On Mon, 26 Jul 1999 14:03:37 +0200 (MET DST), Jean-Marc Lasgouttes
wrote:

>Arnd>  I'd like a safe and *efficient* method for conversion to
>Arnd> printable ASCII. Steal such a thing from somewhere to use it
>Arnd> with class LString?
>
>Use =XX (where XX is the hex value) like MIME does. This is already
>used in InsetRef::escape(). This method should be moved somewhere else
>(LString?) and used in both cases.
>
>Would you like that? It creates strange names, but not worse than what
>mime does.
>
>JMarc
>

This one is fast and simple, tested and safe on my box. (Most bad chars
are replaced by x). Only remaining problem is a trailing period without
extension; this may be changed when you simplify the extension handling
code in filetools.C. 

With Andre's code I did not understand, how he would actually test for
the best replacement (testing individually per char through a
replacement table for UNICODE?); though the idea of best ascii match
was nice. 

Jean's would be fast and simple, but very ugly ('Keep it simple!').

LString I found nice, filetools interesting: Is it possible to build a
shared library with a simple and consistent interface out of such tool
classes? (The LyTK base classes library?) At least on OS/2 shared
libraries (with automatically created ordinal number entry points) have
a simpler structure and are faster and more efficient, they normally
use less memory (than named entry points within) an executable.
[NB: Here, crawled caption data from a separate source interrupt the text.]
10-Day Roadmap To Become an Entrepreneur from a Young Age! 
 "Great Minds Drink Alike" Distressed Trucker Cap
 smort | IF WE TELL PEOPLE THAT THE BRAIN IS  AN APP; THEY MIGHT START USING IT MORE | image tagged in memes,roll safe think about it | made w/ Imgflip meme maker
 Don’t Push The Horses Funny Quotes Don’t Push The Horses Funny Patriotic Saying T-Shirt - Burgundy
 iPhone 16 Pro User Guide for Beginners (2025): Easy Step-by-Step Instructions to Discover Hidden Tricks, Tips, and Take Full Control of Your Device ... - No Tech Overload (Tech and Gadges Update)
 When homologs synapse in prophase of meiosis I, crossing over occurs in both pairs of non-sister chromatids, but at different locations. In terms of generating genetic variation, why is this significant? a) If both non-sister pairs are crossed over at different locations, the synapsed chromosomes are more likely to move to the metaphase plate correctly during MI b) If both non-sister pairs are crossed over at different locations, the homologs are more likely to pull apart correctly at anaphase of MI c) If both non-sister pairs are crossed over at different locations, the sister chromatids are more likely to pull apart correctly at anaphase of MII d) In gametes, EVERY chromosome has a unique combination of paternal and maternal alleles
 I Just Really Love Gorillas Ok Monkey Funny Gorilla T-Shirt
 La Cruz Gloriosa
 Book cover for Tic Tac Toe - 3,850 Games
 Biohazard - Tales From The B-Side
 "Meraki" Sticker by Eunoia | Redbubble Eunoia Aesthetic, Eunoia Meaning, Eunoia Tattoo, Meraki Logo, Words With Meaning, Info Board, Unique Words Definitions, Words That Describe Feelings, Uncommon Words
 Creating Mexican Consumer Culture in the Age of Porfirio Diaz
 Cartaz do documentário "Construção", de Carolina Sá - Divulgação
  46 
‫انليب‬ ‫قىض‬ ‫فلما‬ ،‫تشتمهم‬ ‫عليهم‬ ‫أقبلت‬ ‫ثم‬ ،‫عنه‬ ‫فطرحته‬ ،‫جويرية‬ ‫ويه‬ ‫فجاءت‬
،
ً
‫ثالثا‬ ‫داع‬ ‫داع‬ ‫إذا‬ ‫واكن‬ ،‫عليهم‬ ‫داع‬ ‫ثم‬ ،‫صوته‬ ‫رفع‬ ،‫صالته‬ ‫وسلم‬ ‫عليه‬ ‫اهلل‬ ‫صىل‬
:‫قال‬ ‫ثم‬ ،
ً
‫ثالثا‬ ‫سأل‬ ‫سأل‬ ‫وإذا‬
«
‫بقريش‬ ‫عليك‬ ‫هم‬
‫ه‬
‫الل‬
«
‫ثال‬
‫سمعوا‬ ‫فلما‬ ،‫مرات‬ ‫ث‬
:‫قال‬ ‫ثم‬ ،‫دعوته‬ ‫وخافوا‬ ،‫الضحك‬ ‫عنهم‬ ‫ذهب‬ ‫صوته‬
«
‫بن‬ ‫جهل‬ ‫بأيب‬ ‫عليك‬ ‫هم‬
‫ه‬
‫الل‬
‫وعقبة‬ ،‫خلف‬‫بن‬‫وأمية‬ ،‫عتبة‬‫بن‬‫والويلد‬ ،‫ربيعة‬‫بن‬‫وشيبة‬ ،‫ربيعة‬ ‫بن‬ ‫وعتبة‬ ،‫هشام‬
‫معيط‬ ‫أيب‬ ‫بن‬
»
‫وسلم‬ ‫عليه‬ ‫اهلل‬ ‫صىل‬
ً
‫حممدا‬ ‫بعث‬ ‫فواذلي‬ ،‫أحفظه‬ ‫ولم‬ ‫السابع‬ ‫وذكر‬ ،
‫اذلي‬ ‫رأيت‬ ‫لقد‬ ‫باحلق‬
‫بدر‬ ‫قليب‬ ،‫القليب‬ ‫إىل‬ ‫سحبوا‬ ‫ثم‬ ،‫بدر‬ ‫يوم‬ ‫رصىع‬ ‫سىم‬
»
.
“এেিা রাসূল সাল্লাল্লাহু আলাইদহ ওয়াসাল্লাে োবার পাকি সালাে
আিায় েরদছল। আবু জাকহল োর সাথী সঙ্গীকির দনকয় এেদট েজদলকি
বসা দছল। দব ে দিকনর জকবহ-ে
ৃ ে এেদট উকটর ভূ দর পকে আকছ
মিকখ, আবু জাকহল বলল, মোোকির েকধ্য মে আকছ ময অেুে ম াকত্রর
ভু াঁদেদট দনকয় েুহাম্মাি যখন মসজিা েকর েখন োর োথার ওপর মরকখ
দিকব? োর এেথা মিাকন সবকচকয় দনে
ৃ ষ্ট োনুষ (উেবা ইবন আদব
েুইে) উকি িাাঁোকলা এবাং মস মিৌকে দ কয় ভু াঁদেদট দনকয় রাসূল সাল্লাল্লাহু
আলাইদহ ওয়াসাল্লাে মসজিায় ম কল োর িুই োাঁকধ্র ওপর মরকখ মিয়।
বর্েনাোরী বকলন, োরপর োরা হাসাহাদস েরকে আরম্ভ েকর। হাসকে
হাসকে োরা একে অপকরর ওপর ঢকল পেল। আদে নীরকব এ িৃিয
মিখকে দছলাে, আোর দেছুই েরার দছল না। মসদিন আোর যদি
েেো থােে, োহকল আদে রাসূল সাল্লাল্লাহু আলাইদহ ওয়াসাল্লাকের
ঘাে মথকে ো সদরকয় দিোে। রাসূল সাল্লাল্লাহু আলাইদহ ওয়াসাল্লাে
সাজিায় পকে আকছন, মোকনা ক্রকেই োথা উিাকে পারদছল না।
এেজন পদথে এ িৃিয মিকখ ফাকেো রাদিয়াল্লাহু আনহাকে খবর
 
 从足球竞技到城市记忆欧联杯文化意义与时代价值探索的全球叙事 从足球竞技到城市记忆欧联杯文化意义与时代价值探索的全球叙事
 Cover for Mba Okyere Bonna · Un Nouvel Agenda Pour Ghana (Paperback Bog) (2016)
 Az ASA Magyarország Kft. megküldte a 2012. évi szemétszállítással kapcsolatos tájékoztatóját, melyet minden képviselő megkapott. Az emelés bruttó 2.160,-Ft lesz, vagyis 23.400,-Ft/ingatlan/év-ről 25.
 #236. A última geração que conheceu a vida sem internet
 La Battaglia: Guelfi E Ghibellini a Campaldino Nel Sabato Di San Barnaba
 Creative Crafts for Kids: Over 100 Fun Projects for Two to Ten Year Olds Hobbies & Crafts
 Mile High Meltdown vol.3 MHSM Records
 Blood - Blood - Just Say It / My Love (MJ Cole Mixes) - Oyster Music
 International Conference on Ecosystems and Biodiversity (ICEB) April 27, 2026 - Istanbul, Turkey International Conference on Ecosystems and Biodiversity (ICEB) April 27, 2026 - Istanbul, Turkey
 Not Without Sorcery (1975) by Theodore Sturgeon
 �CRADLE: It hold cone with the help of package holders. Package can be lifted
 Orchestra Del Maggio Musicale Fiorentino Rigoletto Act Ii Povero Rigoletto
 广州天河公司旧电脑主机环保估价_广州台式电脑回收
They
enforce stricter modularity and greater abstraction. The kernel
interface uses this feature.

Contains few more DOS path handling patches, too. Unfortunately
necessary, because EMX could not decide, whether to prefer UNIX or DOS
style path handling, we find a mixture of everything: 

In case of future changes of path handling, please consider:

         X:/, x:/, /, \, X:\, x:\ 
(even this one 'X:\\foo\\bar\\' I've seen working in a file selector)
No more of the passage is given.